• [Exercise description]: All records, exactly as written, minus the pictures: copy them out.

>>>

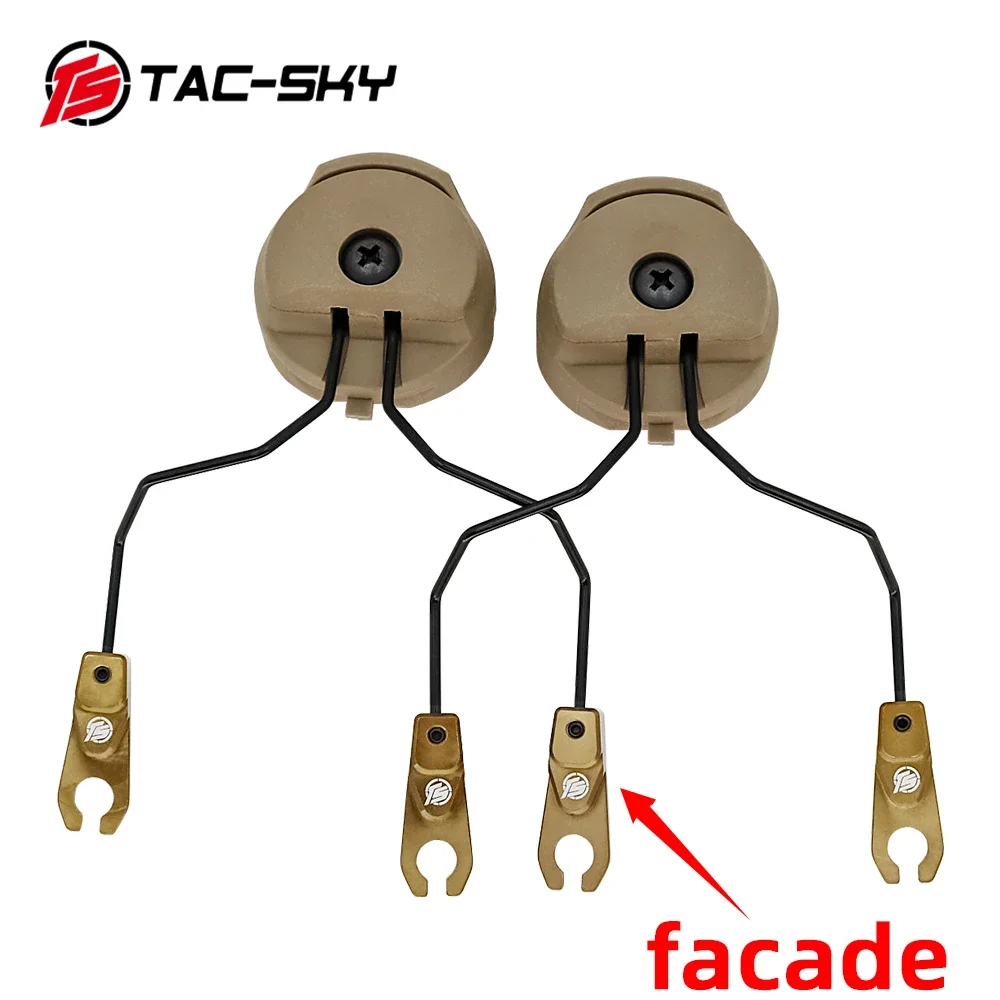 TS TAC-SKY casco táctico adaptador de riel de arco soporte de auriculares para auriculares de tiro táctico MSA SORDIN - imagen 3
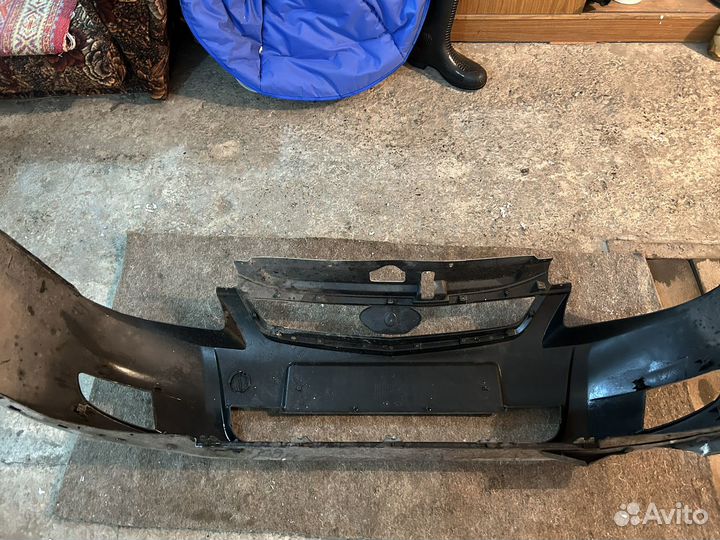 Передний бампер priora 2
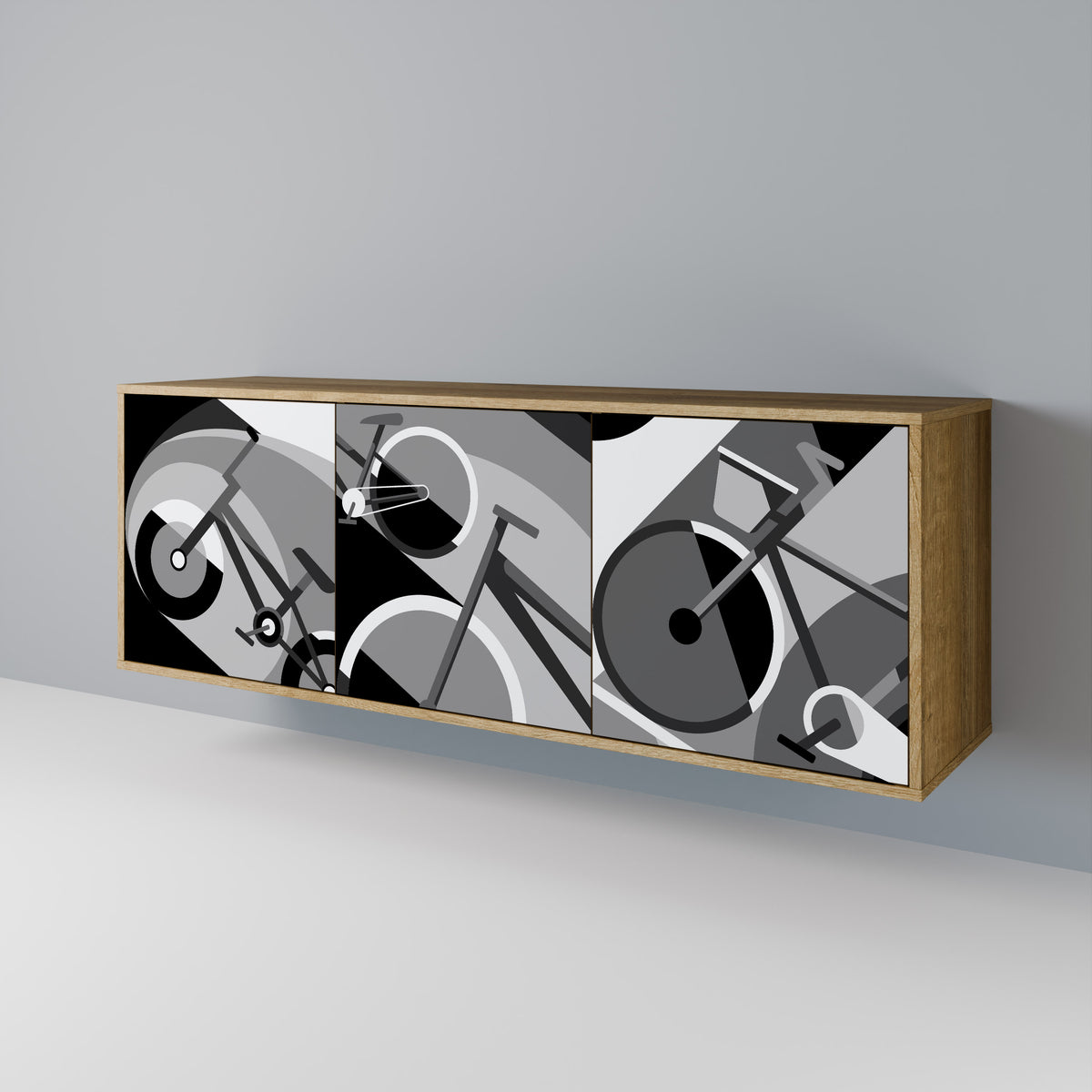 BIKE ENERGY 3-Door Sideboard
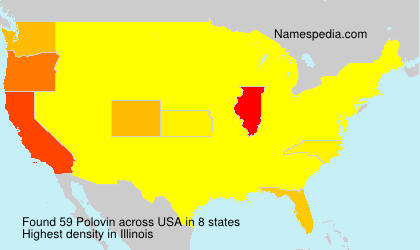 Surname Polovin in USA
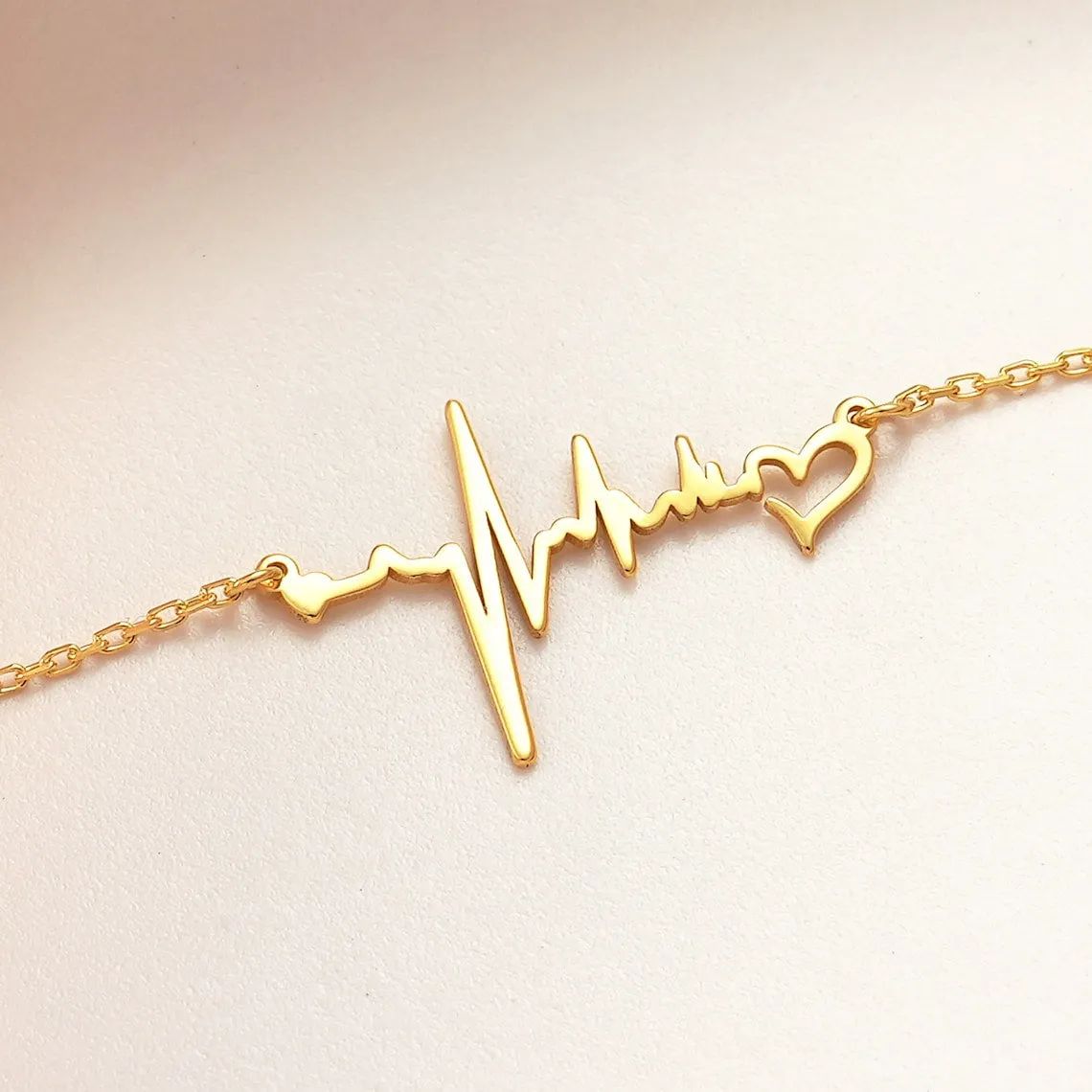 Dainty Heartbeat Necklace for Her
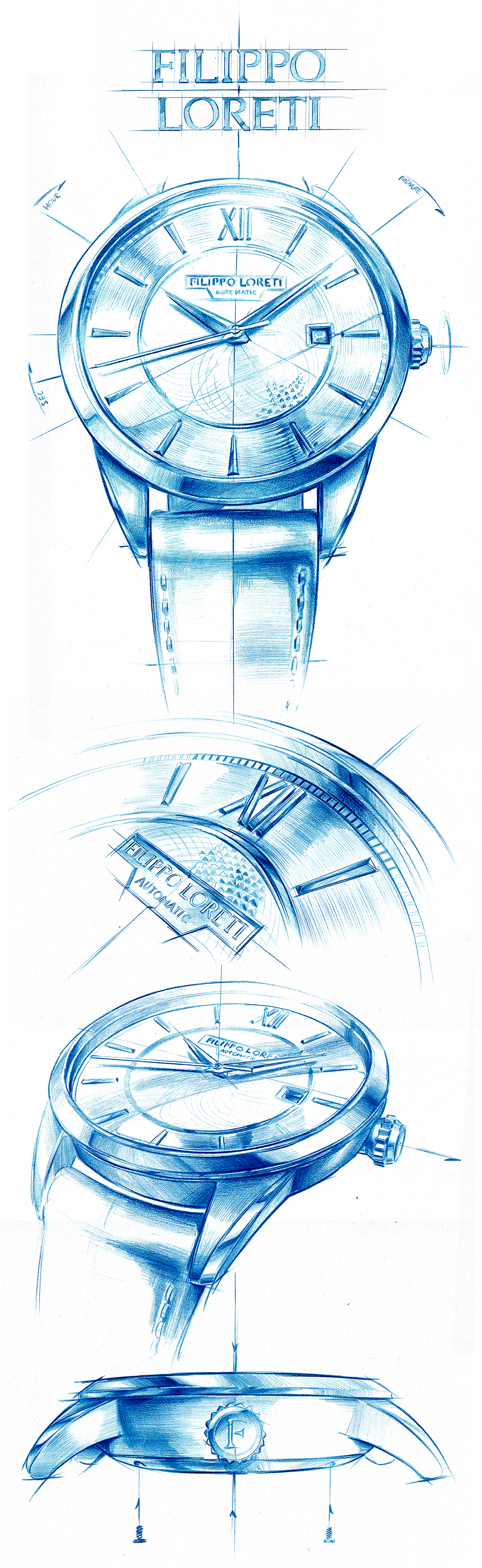 Wrist watch，Filippo Loreti，Hand drawn，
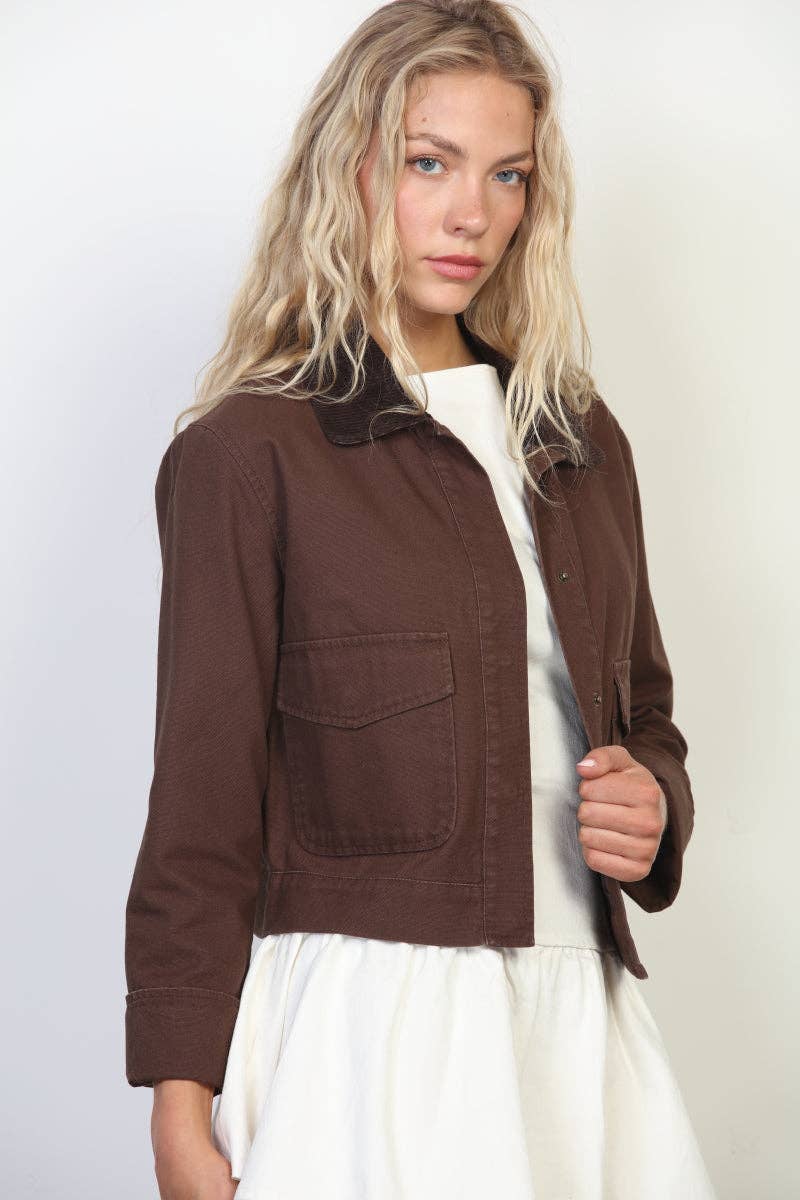 Cropped Canvas Barn Jacket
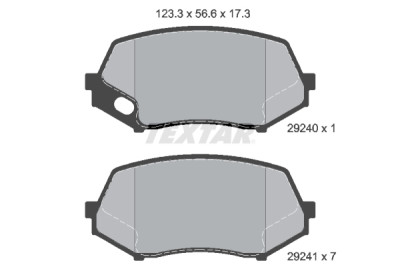Pastilhas de freio TEXTAR 2924 001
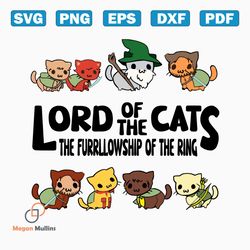 lord of the cats the furrlowship of the ring svg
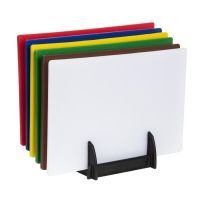 Logo Lot de 6 planches  dcouper standard basse densit avec support et poster hygiplas fy329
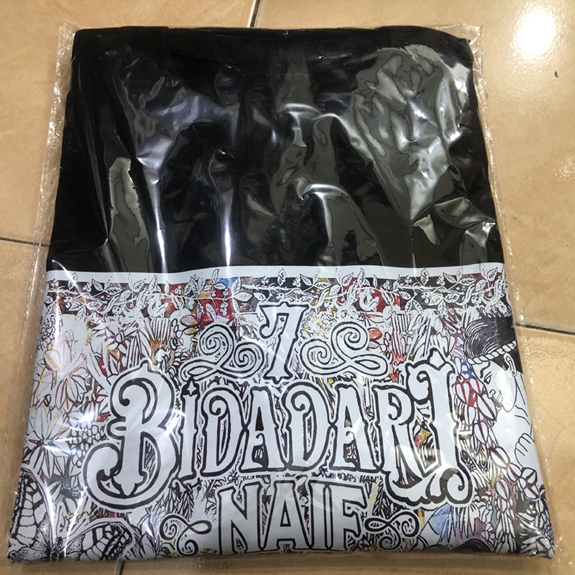 READY STOCK | LANGSUNG ORDER AJA | Kaos Naif Band 7 Bidadari Tshirt Hitam Casual 100% Cotton Black |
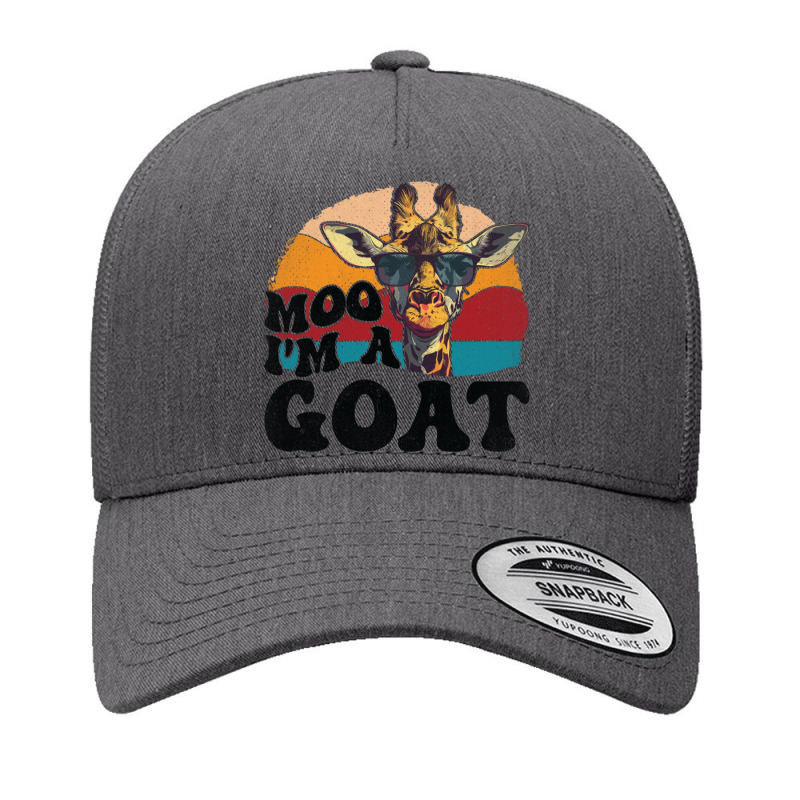 Moo I'm A Goat Giraffe Lover Funny Zoo Animal Cost Yupoong Trucker Cap by Charity Aduset | Artistshot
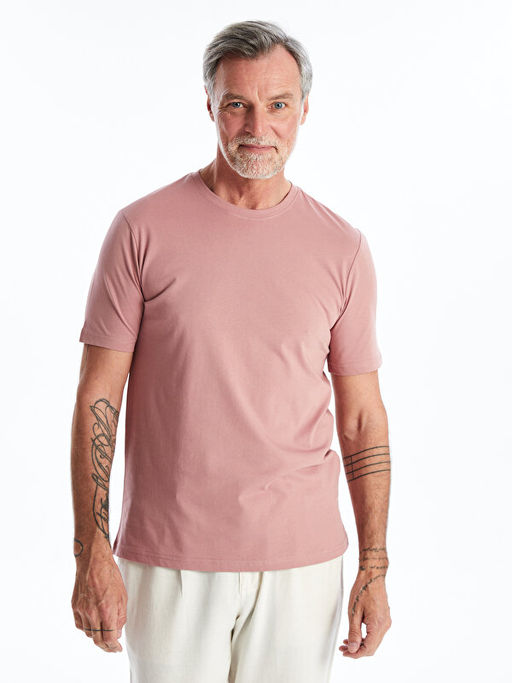 Bisiklet Yaka Penye Erkek Ti??rt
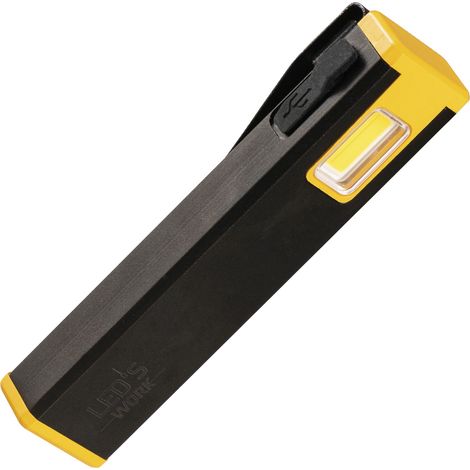 Leds Work Akku Handlampe LED 300 Lumen - 5000 K, USB-C, Magnet-Clip, 3 Lichtmodi (1/5)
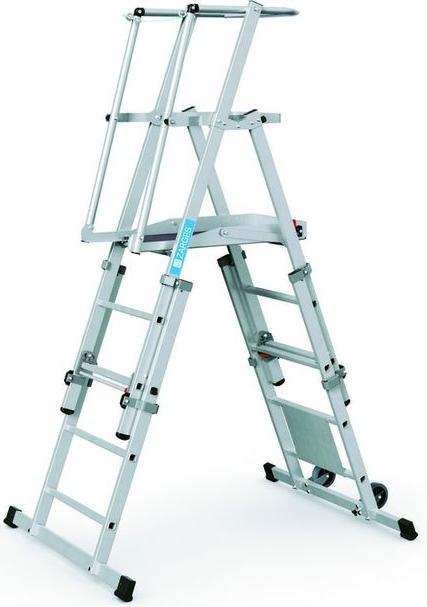 Produktbild kaiserkraft Teleskop-Plattformleiter (Plattformleiter, 155 cm)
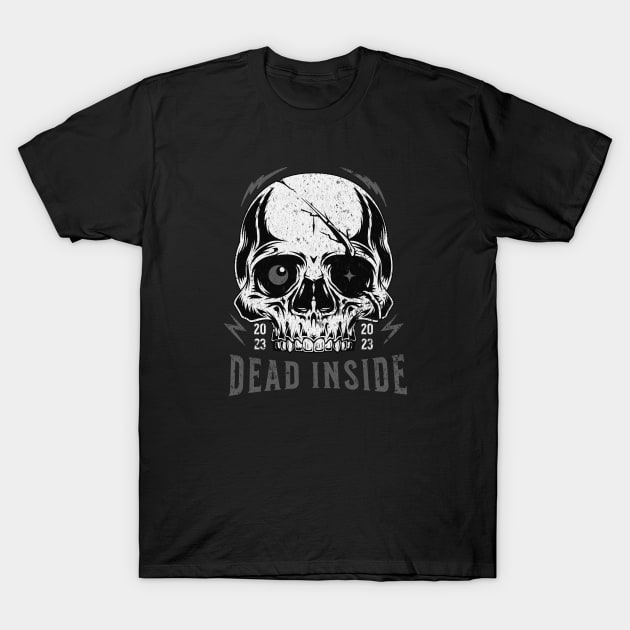 Dead Inside T-Shirt by THUNKERS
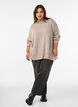 Rollkragenpullover mit lockerer Passform, Beige, Model image number 1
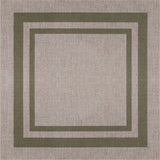 Clement Double Border Non-slip Machine-washable Area Rug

<<<

• [Problem solution]:
 TS TAC-SKY casco táctico adaptador de riel de arco soporte de auriculares para auriculares de tiro táctico MSA SORDIN - imagen 3
 Передний бампер priora 2
 BIKE ENERGY 3-Door Sideboard
 Surname Polovin in USA
 Dainty Heartbeat Necklace for Her
 Wrist watch，Filippo Loreti，Hand drawn，
 Cropped Canvas Barn Jacket
Pastilhas de freio TEXTAR 2924 001
 lord of the cats the furrlowship of the ring svg
 Logo Lot de 6 planches  dcouper standard basse densit avec support et poster hygiplas fy329
 READY STOCK | LANGSUNG ORDER AJA | Kaos Naif Band 7 Bidadari Tshirt Hitam Casual 100% Cotton Black |
 Moo I'm A Goat Giraffe Lover Funny Zoo Animal Cost Yupoong Trucker Cap by Charity Aduset | Artistshot
 Bisiklet Yaka Penye Erkek Ti??rt
 Leds Work Akku Handlampe LED 300 Lumen - 5000 K, USB-C, Magnet-Clip, 3 Lichtmodi (1/5)
 Produktbild kaiserkraft Teleskop-Plattformleiter (Plattformleiter, 155 cm)
 Dead Inside T-Shirt by THUNKERS
 Rollkragenpullover mit lockerer Passform, Beige, Model image number 1
 Clement Double Border Non-slip Machine-washable Area Rug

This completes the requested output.